Provided data Block Start

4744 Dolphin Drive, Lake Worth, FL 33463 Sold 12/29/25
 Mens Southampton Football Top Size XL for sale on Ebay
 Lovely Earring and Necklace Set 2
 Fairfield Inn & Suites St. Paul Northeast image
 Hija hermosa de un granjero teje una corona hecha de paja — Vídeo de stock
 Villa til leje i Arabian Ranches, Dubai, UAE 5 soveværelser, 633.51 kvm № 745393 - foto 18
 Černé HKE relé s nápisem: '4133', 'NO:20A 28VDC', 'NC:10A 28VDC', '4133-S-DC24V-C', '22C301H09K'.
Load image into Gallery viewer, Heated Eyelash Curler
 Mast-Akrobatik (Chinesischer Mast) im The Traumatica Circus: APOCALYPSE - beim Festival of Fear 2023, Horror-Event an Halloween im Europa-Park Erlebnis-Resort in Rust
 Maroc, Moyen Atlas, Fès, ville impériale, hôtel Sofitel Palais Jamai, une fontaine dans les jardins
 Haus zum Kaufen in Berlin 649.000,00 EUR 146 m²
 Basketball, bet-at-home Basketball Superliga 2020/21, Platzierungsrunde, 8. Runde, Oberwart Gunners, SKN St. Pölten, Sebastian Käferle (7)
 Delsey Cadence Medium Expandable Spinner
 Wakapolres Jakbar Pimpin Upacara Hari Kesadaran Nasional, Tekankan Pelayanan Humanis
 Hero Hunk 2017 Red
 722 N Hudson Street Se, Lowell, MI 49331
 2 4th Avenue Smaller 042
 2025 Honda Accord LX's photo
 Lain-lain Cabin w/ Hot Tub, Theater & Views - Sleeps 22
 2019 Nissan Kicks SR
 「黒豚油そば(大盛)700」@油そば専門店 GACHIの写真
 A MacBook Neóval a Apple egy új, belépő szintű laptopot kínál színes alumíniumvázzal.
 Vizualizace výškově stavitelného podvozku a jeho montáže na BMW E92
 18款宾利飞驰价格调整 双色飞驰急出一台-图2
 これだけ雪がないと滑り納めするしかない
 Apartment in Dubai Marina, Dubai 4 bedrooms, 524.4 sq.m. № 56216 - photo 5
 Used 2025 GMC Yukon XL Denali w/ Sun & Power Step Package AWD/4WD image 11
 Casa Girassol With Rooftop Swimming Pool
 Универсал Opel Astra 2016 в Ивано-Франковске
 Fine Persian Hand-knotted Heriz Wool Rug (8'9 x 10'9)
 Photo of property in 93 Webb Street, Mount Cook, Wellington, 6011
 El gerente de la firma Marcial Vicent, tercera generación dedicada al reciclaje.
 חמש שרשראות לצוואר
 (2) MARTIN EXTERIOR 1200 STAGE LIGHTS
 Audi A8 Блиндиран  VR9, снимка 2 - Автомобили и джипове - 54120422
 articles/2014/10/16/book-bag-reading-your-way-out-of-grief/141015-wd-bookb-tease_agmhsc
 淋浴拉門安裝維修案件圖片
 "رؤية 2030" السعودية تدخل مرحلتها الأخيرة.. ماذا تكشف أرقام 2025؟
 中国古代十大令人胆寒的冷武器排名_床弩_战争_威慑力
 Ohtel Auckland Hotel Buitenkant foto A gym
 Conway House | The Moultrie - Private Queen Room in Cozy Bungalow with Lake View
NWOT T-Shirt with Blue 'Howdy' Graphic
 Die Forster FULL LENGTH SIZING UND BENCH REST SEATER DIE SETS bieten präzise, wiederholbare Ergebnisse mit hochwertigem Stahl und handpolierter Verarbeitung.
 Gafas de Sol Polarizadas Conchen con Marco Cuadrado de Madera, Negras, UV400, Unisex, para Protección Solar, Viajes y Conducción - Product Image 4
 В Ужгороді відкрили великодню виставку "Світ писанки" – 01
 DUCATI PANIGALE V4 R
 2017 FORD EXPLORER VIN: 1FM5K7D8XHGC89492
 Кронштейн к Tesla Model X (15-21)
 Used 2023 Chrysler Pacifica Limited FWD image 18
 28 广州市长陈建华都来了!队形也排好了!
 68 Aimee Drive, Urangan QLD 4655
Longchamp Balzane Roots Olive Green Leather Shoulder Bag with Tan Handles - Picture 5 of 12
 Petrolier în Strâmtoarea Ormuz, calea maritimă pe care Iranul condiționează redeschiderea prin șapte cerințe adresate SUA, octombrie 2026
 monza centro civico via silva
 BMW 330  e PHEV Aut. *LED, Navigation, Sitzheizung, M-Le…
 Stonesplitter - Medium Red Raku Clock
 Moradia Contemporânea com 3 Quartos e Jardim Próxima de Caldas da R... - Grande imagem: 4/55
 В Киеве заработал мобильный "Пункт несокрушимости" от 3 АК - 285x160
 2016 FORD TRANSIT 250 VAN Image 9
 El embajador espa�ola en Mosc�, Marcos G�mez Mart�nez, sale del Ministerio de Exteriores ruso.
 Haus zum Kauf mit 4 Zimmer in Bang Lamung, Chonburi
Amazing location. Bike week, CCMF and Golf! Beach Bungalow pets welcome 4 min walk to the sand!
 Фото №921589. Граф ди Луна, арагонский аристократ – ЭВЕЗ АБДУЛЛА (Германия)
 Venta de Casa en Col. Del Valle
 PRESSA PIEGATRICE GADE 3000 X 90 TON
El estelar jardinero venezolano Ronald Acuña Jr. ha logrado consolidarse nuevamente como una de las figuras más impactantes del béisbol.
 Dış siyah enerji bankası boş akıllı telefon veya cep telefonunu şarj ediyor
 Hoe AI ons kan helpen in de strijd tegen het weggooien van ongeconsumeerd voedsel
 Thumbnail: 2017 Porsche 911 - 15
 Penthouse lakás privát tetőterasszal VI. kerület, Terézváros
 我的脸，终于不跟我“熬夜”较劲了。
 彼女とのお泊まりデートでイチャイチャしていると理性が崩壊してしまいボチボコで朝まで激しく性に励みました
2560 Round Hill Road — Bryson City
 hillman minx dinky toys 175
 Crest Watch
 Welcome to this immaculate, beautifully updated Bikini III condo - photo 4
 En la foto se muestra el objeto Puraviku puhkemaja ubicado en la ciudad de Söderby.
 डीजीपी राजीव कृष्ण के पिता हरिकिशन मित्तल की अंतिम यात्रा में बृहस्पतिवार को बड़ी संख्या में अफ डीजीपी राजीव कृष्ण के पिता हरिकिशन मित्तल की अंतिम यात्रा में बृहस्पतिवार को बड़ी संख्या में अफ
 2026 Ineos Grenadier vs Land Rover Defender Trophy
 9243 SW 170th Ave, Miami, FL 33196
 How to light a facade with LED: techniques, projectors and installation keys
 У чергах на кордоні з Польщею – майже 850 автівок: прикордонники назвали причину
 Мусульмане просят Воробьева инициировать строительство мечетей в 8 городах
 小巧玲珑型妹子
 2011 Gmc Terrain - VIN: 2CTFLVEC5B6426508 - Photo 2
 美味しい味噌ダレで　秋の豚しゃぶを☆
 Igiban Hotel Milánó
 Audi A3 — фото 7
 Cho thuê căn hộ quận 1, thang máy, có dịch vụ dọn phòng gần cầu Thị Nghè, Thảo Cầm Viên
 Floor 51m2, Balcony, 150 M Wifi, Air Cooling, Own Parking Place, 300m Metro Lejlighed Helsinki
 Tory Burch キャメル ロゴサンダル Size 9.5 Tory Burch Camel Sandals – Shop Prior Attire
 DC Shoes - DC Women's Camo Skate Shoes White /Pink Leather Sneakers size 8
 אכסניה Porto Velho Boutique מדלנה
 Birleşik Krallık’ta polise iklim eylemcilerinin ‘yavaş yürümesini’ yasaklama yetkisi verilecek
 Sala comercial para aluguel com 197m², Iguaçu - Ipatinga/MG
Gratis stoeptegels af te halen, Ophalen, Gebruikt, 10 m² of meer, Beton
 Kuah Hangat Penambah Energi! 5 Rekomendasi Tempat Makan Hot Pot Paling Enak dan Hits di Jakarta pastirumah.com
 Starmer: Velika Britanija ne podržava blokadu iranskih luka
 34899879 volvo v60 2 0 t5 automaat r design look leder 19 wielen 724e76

Provided data Block End

What the exercise asks: Quote exactly the first line of the data and every line after it through the one holding "Apartment in Dubai".

Response:
4744 Dolphin Drive, Lake Worth, FL 33463 Sold 12/29/25
 Mens Southampton Football Top Size XL for sale on Ebay
 Lovely Earring and Necklace Set 2
 Fairfield Inn & Suites St. Paul Northeast image
 Hija hermosa de un granjero teje una corona hecha de paja — Vídeo de stock
 Villa til leje i Arabian Ranches, Dubai, UAE 5 soveværelser, 633.51 kvm № 745393 - foto 18
 Černé HKE relé s nápisem: '4133', 'NO:20A 28VDC', 'NC:10A 28VDC', '4133-S-DC24V-C', '22C301H09K'.
Load image into Gallery viewer, Heated Eyelash Curler
 Mast-Akrobatik (Chinesischer Mast) im The Traumatica Circus: APOCALYPSE - beim Festival of Fear 2023, Horror-Event an Halloween im Europa-Park Erlebnis-Resort in Rust
 Maroc, Moyen Atlas, Fès, ville impériale, hôtel Sofitel Palais Jamai, une fontaine dans les jardins
 Haus zum Kaufen in Berlin 649.000,00 EUR 146 m²
 Basketball, bet-at-home Basketball Superliga 2020/21, Platzierungsrunde, 8. Runde, Oberwart Gunners, SKN St. Pölten, Sebastian Käferle (7)
 Delsey Cadence Medium Expandable Spinner
 Wakapolres Jakbar Pimpin Upacara Hari Kesadaran Nasional, Tekankan Pelayanan Humanis
 Hero Hunk 2017 Red
 722 N Hudson Street Se, Lowell, MI 49331
 2 4th Avenue Smaller 042
 2025 Honda Accord LX's photo
 Lain-lain Cabin w/ Hot Tub, Theater & Views - Sleeps 22
 2019 Nissan Kicks SR
 「黒豚油そば(大盛)700」@油そば専門店 GACHIの写真
 A MacBook Neóval a Apple egy új, belépő szintű laptopot kínál színes alumíniumvázzal.
 Vizualizace výškově stavitelného podvozku a jeho montáže na BMW E92
 18款宾利飞驰价格调整 双色飞驰急出一台-图2
 これだけ雪がないと滑り納めするしかない
 Apartment in Dubai Marina, Dubai 4 bedrooms, 524.4 sq.m. № 56216 - photo 5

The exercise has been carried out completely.